My involvement with Canonical actually started much earlier than this. Back in 2004 I noticed Steve Alexander connecting to an IRC channel from a brazilian IP. Curious, I asked what he was doing here and to my surprise he was at Debconf, in Porto Alegre. I rushed there to meet him, since we hadn’t met in person before, and ended up meeting some of the first Canonical employees.
Actually, Canonical didn’t even had a proper name back them, I believe. And neither did Ubuntu. In the room were a bunch of Launchpad developers, and I remember they were putting up suggestions for the name of the soon-to-be-created Debian-derivative distro in a blackboard. Maybe someone has a picture. I certainly should have snapped one.One of the libraries I had created was being heavily used by Launchpad, and Steve invited me to join the team. Unfortunately I had just started at a new job a couple months before. And the whole ‘we are going to create a new distribution based on Debian’ sounded kind of bonkers anyway. I ended up referring Christian Reis, which as I learnt later managed to meet Steve and Mark Shuttleworth at the airport in Guarulhos in between flights.

Regardless, I stuck around to see Mark’s talk on his space trip. The most impressive part was definitely his description about reentering Earth’s atmosphere. Since young age I always dreamt of being an Astronaut. Meeting one in person was probably the most significant event in my life until that point.

Time passed, and Kiko tried to convince me several times to join the Launchpad team in the years that followed. The only reason that I didn’t do so was because he wanted me to move to his town, Sao Carlos – SP, even though most of the Launchpad team was distributed.

Fast forward a couple years, and I decided it was time to move on from my job at Enfold Systems, where I was responsible for maintaining several products that integrated the Plone CMS with the Windows platform. What a bold change it was, going from being practically a Windows developer to working with the company behind a Linux distribution.

My time at Canonical started with a ride from Porto Alegre to Curitiba with Gustavo Niemeyer, my soon-to-be boss. We actually had to take a long detour all the way to Lages because BR-101 flooded near Ararangua. Luckily Gustavo had his GPS with him.

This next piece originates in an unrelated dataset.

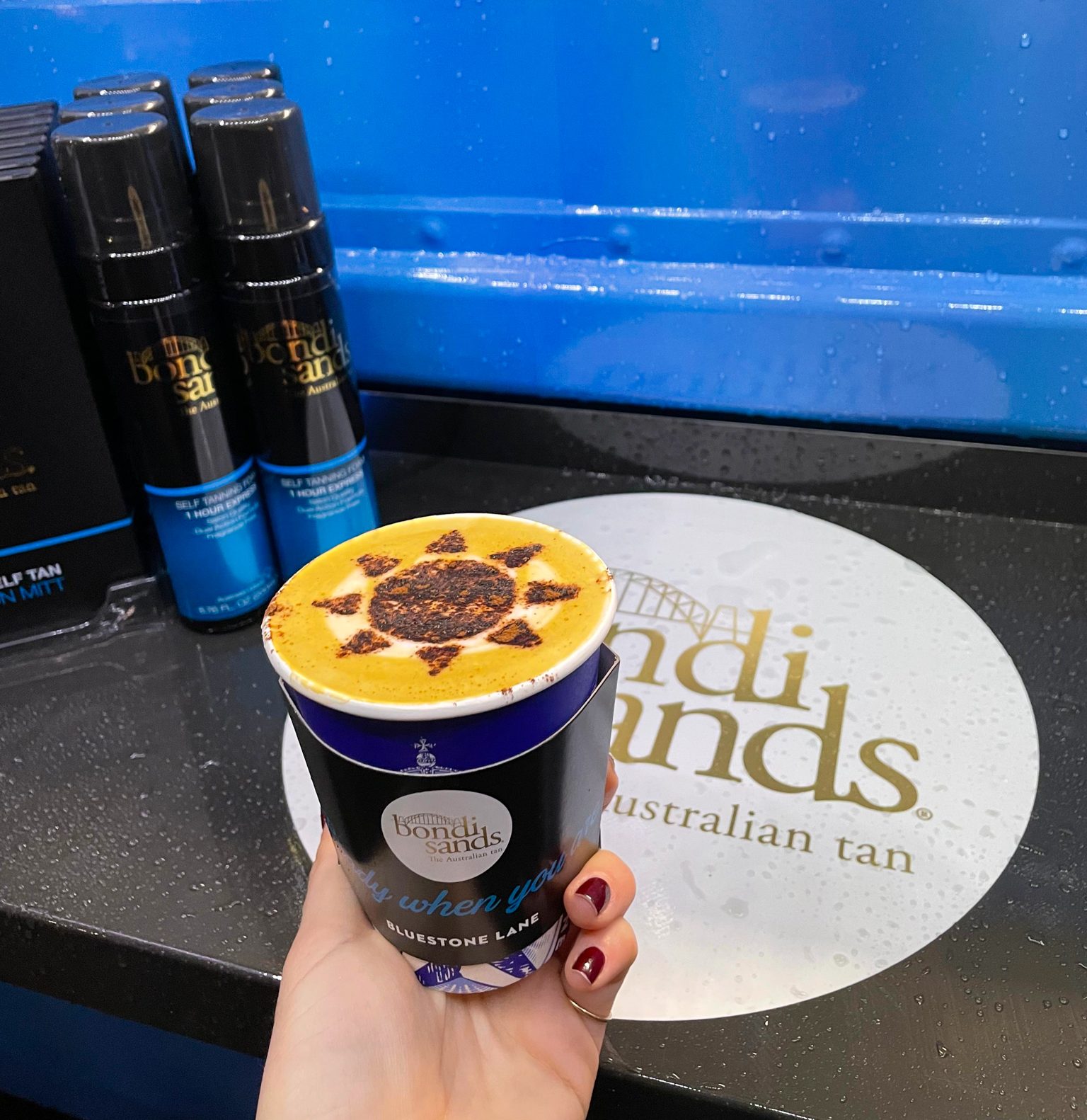Hand holding a coffee with sun-shaped froth, Bondi Sands bottles on black counter in back.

Me and Gustavo in Curitiba, 2009

Under Gustavo’s lead I worked on the Landscape project, a tool to manage Ubuntu servers and keep them up-to-date. We mostly worked on database scalability issues until Gustavo left the team to spearhead what later came to be known as juju. After that I ended up working closely with Canonical’s Design team on a major facelift for Landscape and leading the team’s effort in frontend engineering, ensuring fast load times on one side and enforcing strict Javascript testing on the other.

As the facelift started winding down I started focusing on gathering a good set of backend metrics, of which we had none. I introduced the use of Graphite to the team, which unfortunately didn’t hit production in time. I created txStatsD in the process. I wanted to learn more about how things actually worked in production, how things were deployed, and if there was anything we could do to improve. The right opportunity revealed itself in the form of an open position as Operations Engineer at the Ubuntu One team.

In Ubuntu One, they already had Graphite running in production, with a minimal set of metrics. So we started adding more and more, and the more we added, the more production issues we uncovered and fixed. I had my first real taste of a metrics-driven operations process and nothing could stop me from wanting more.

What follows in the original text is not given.